Tufão can have extra modules as any other framework, but compared to Node.js, I see a problem with ease of the installation process. In Node.js, we have npm and all we need to do is npm install <module>, but in Tufão you need rely in the operating system installation process or compile the modules. This isn’t a problem in some GNU/Linux distributions like ArchLinux, but this might not be the case in other systems.

I don’t see an ease way to solve this problem, so I’ll try to evolve Tufão to be self-sufficient in most of the cases. And this isn’t really difficult as Tufão is built on top of Qt, that already provides lots and lots of common needed features to any application.

Routing mechanism

In Tufão, the rounting is built on top of two classes. The AbstractHttpServerRequestHandler interface and the HttpServerRequestRouter class. The AbstractHttpServerRequestHandler interface requires you to create a slot to handle a request and the HttpServerRequestRouter is itself is an AbstractHttpServerRequestHandler. This design let you to build things like nested routing and use the same router in several different combinations (serving to HTTP and HTTPS servers).

In Tufão, the basic building block for routing request is the same as several other frameworks. You just need to use regular expression to filter the path and pass a handler to that request, and, optionally, specify which methods the object will handle.

The plugin-based application server

Well, when you develop a web application, you want to do it available 24h per day, every day. Imagine how you’d feel if you had to stop the server, recompile the application and run it again just to add your company’s name at the bottom of the page.

We could just use a dynamic interpreted language and solve the problem, but the language isn’t the problem. In some web frameworks there is the notion of an application server, that usually is integrated in the routing mechanism. The role of the application server is to dynamically register new applications and remove old ones.

In C++, a dynamic handler is just a plugin stored in a shared library loaded at runtime by the application. It’s just the old *.dll files on Windows or *.so on Linux. Tufão provides an application server too, but, different from most of the frameworks I’ve seen, it’s not melted in the routing mechanism.

The Tufão application server is plugin-based, stores its configuration in a file (chosen by you) and provides an external program to update this file. It’s easy to use, but you’ll have to add code to define when the application server must reload the config file. If you don’t have any special requeriments, the default application template code is enough and you won’t need to write this piece of code at all.

MVC separation

Some frameworks just don’t separate logic and ui design, such as most of old PHP, embedding the logic code and the html (or some custom view language code) code in the same file.

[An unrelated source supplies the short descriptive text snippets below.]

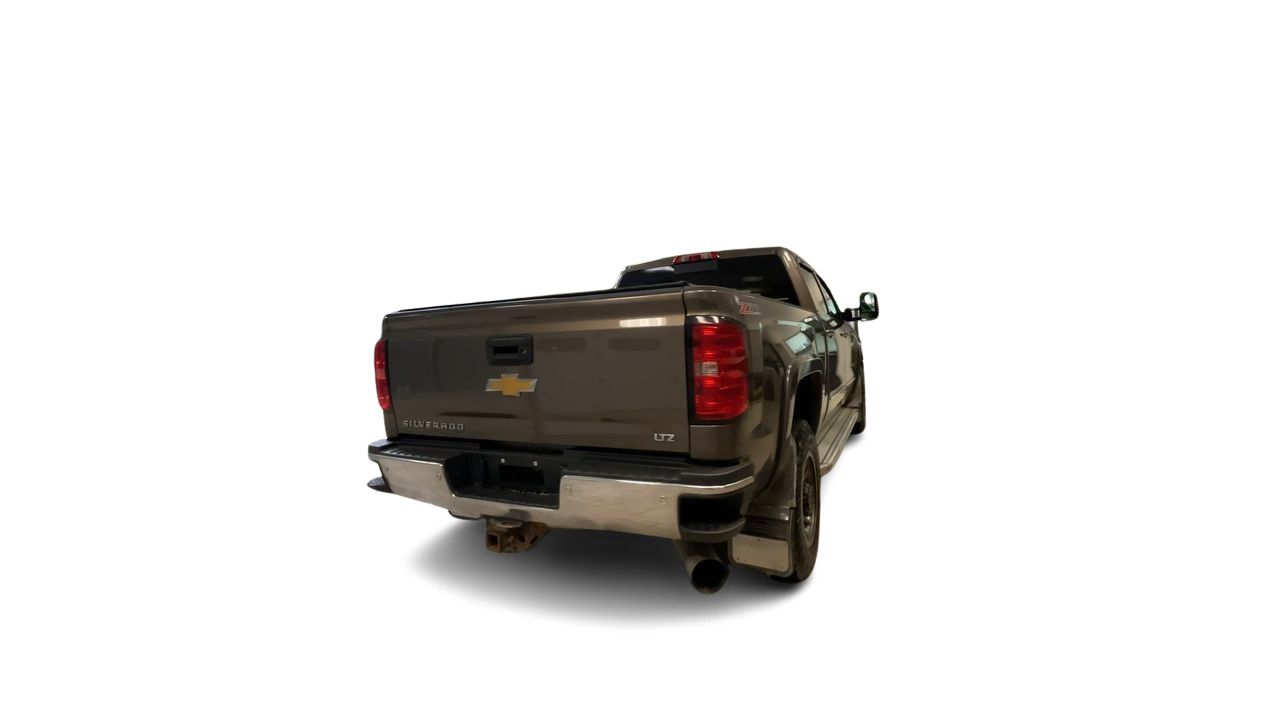 2015 Chevrolet Silverado 2500 in Regina, Saskatchewan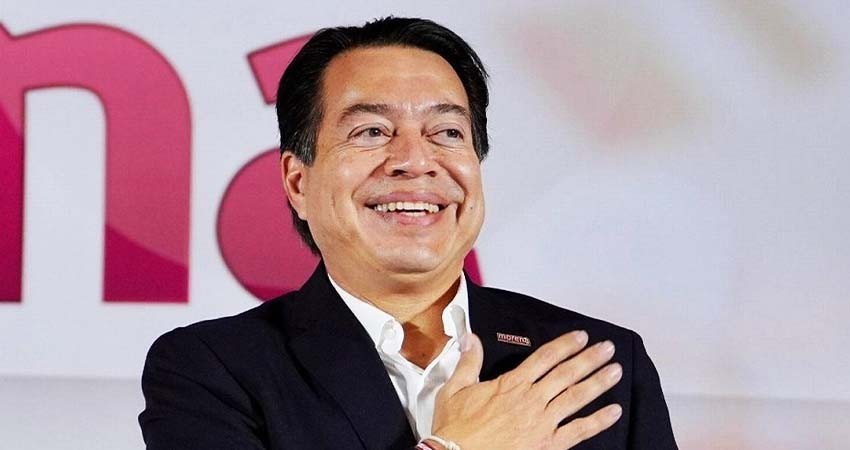 Mario Delgado informa que ya inició transición en la SEP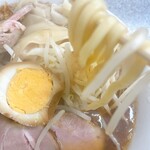 中華麺店 喜楽 - 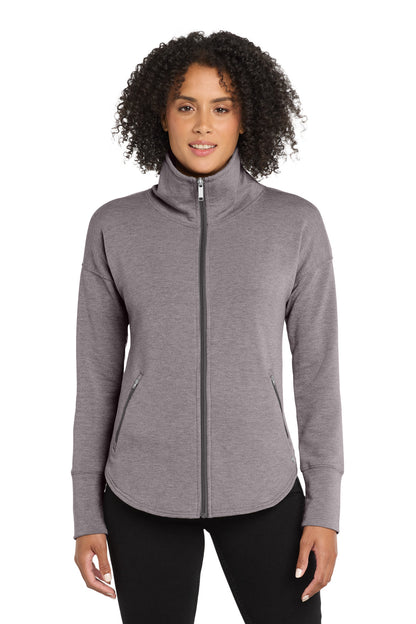 OGIO® Women's Luuma Full-Zip Fleece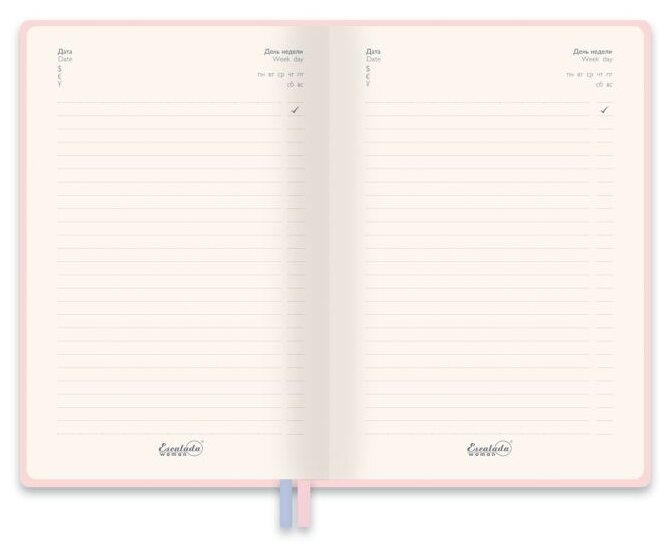 Ежедневник Феникс+ Виннер недатированный, искусственная кожа, А5, 160 листов (фото modal 2)
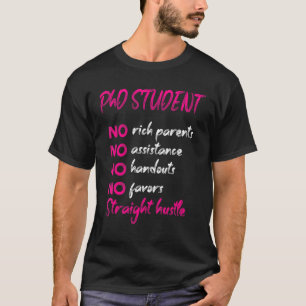 Camiseta Doctorado en tesis de doctorado 61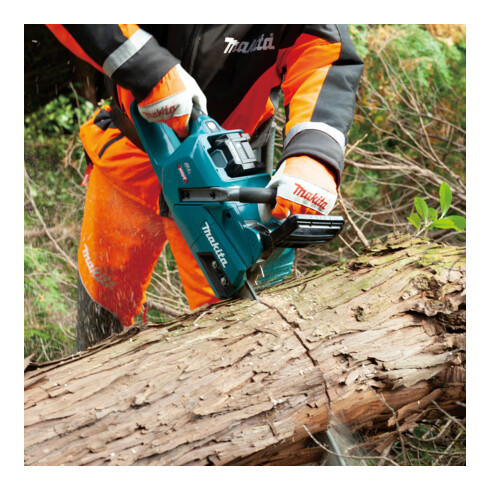 Makita Akku-Kettensäge 40V max. (ohne Akku, ohne Ladegerät)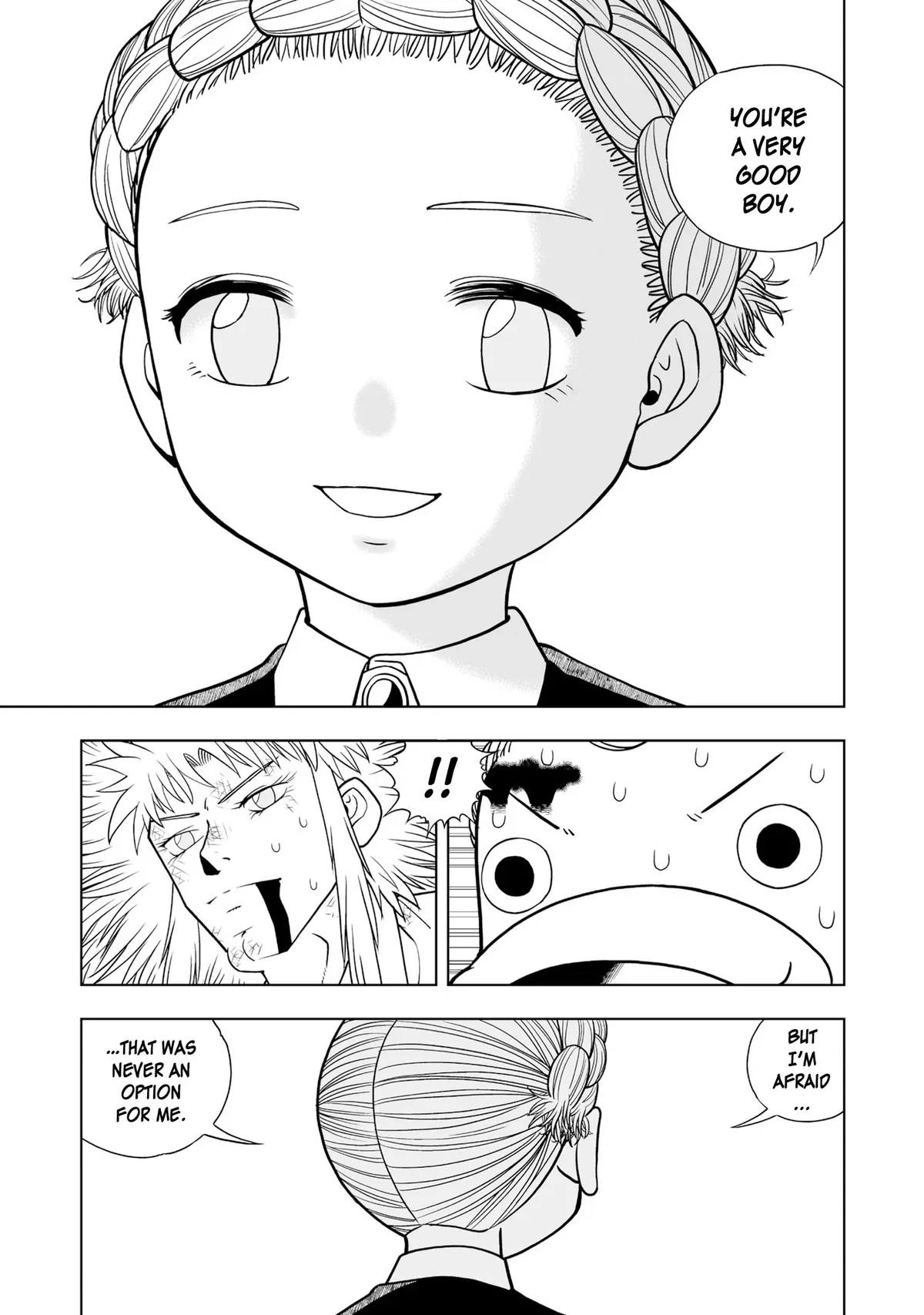 Konjiki No Gash!! 2 Chapter 10 page 34 -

There are frameworks that allow you separate the logic and the ui design, but do a wrong implementation of the idea, requiring the designer to have some knowledge about the framework internals, trapping you to use the tools from the same framework forever.

What is the idea of other frameworks? Other frameworks let you export application data to application ui design (through web services or other), allowing you to use any language to generate your HTML/CSS and import the data through JavaScript. This idea by alone don’t only help to lower the security problems (designers thinking about programming) and the application ugliness (programmers thinking about ui design), but also help to use HTTP features to decrease the network traffic needed by you application, making the use of cache more efficient (in HTTP level). How this happens? This is the old Ajax technique.

  1. Write ui design code in pure HTML, CSS and JavaScript and put the files in the public folder.
  2. Write logic to generate and serve the data in C++, without caring about ui design, and export the data in some format simple to import from JavaScript, like JSON.
  3. Write JavaScript code to import the data from the services and populate the views.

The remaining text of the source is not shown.